Task description » Please write out exactly the line containing "Photo 4 VIN: KMHFH4JG2DA214537" below and every line after it, through the last one, but leave out any pictures.

───── Dataset content ─────

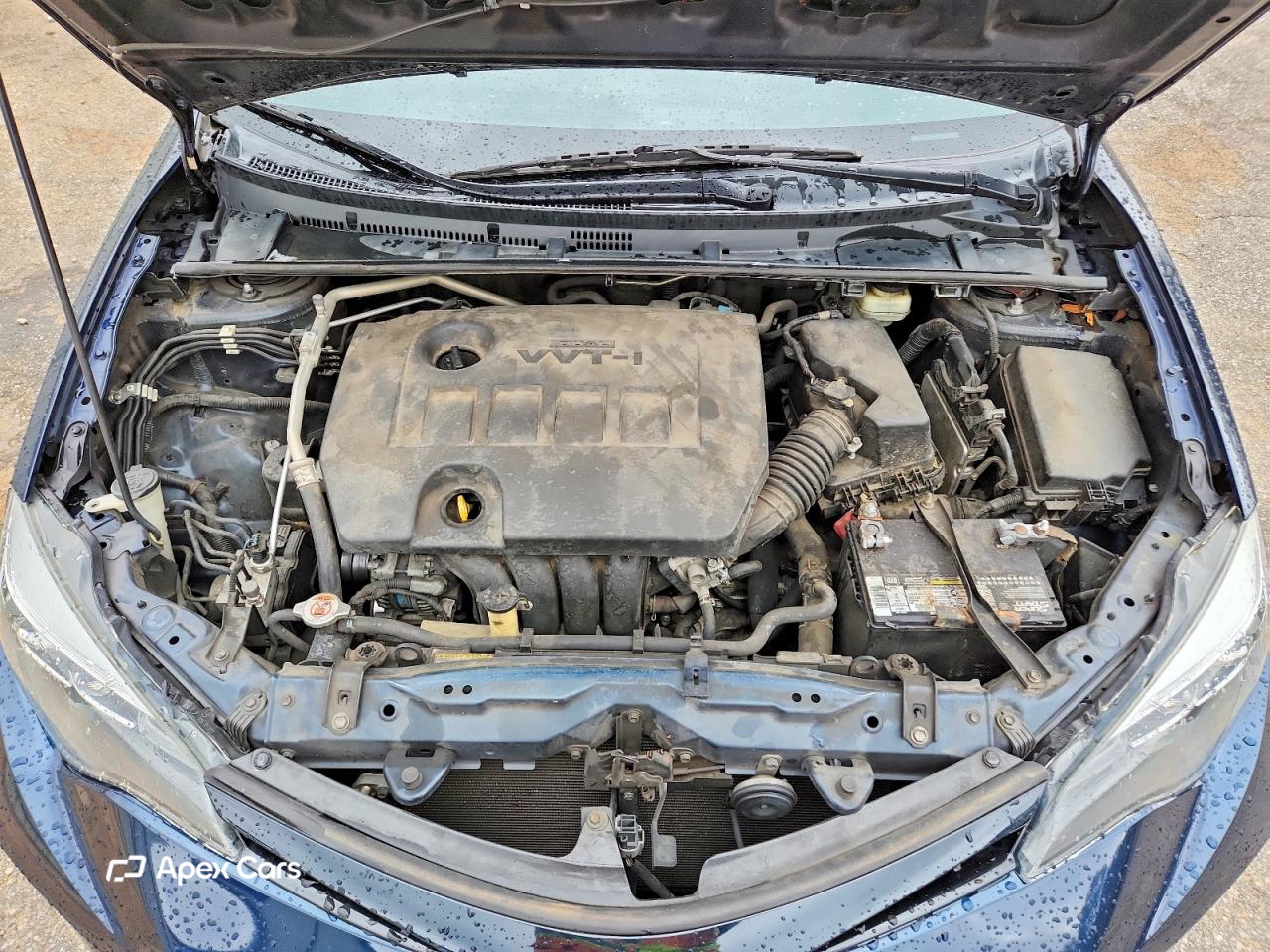 Toyota Corolla 2018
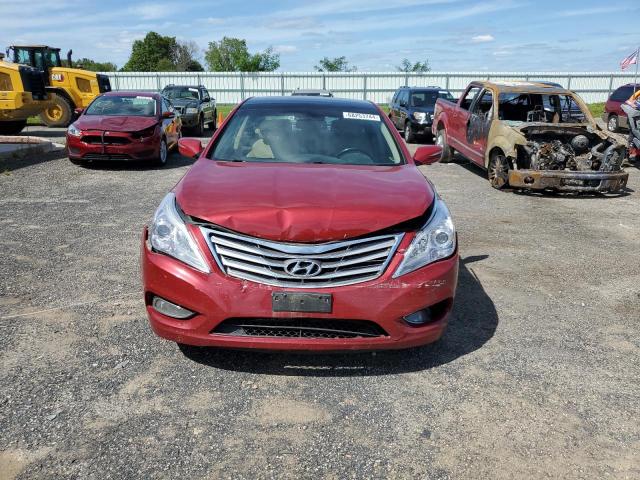 Photo 4 VIN: KMHFH4JG2DA214537 - HYUNDAI AZERA GLS 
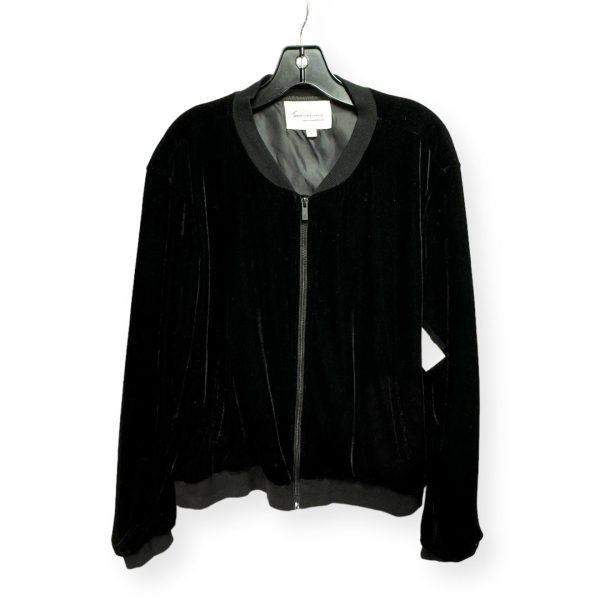 Black Jacket Other Two By Vince Camuto, Size Xl Fashion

─────

Output of the task »
 Photo 4 VIN: KMHFH4JG2DA214537 - HYUNDAI AZERA GLS 
 Black Jacket Other Two By Vince Camuto, Size Xl Fashion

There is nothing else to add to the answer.